If you plan to work more with Fortran, consider the references in this Dr Fortran blog too.

https://software.intel.com/en-us/blogs/2013/12/30/doctor-fortran-in-its-a-modern-fortran-world

Brian_Murphy
New Contributor II
52 Views

I appreciate the tips on modernizing the code.  Portability is not much of an issue at this point, but anything that makes it easier to maintain going forward is good.  I have run some tests and compared output to the old code, and so far it is looking very good.  This interface operators thing is really nice.

Sorry for not being more clear about the linking errors.  I was still getting "unresolved external [GEMM]" which I mentioned in post #20.

Brian_Murphy
New Contributor II
52 Views

@FortranFan - what is the motivation for replacing DP with WP?  Is it to keep DP free for something else?

FortranFan
Honored Contributor II
52 Views

Brian Murphy wrote:

@FortranFan - what is the motivation for replacing DP with WP?  Is it to keep DP free for something else?

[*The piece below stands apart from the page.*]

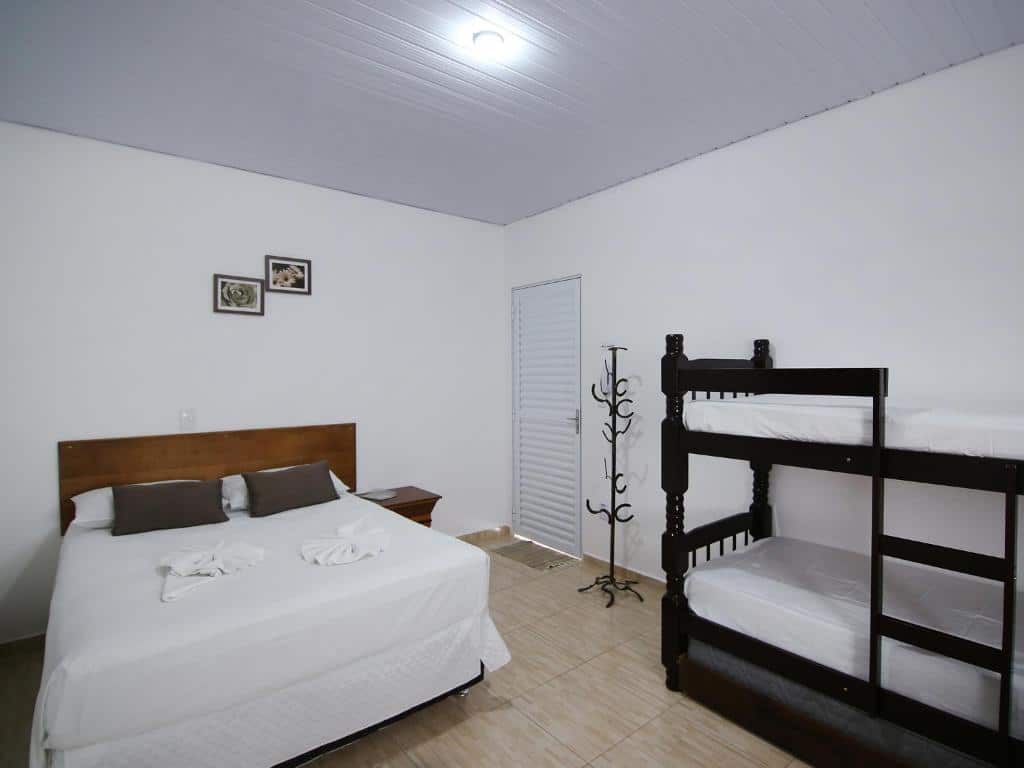 Quarto na Pousada Vale da Montanha com uma cama de casal e uma beliche, ambiente simples e novo, para representar pousadas em Serra Negra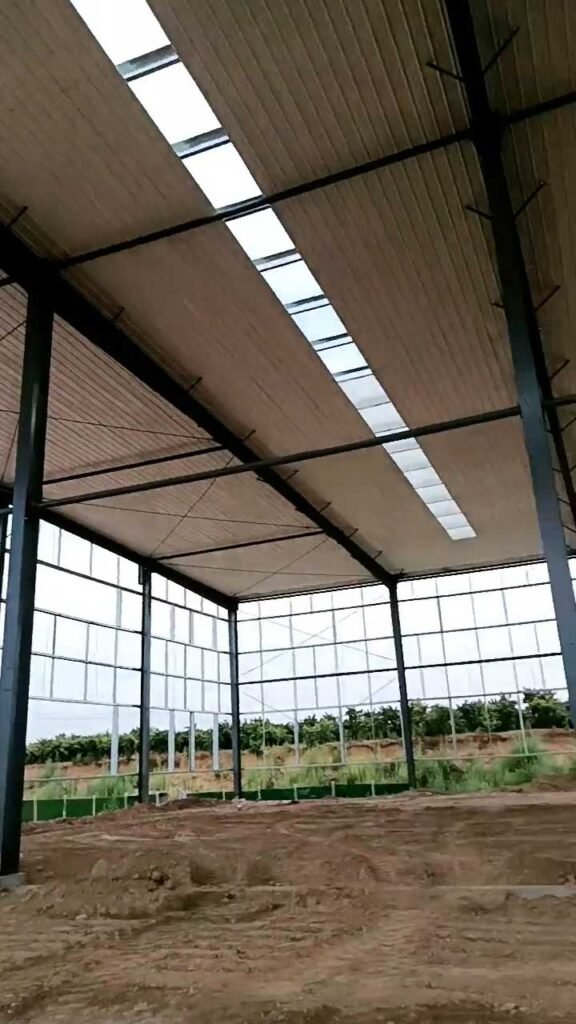 Interior of a corrosion resistant warehouse with H-beam framing and white anti-corrosive coating for tropical climates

A couple of things: first look in blas.f90 on your system as part of your Intel Fortran installation and see how the generic interface to GEMM is setup.  Secondly you will realize WP, as mnemonic for working precision, is also reminding you an arbitrary precision is in effect for your computations rather than the one with double (or single) precision whose definition on some systems (or certain circumstances) may not match what you presume it to be and thus might prove misleading.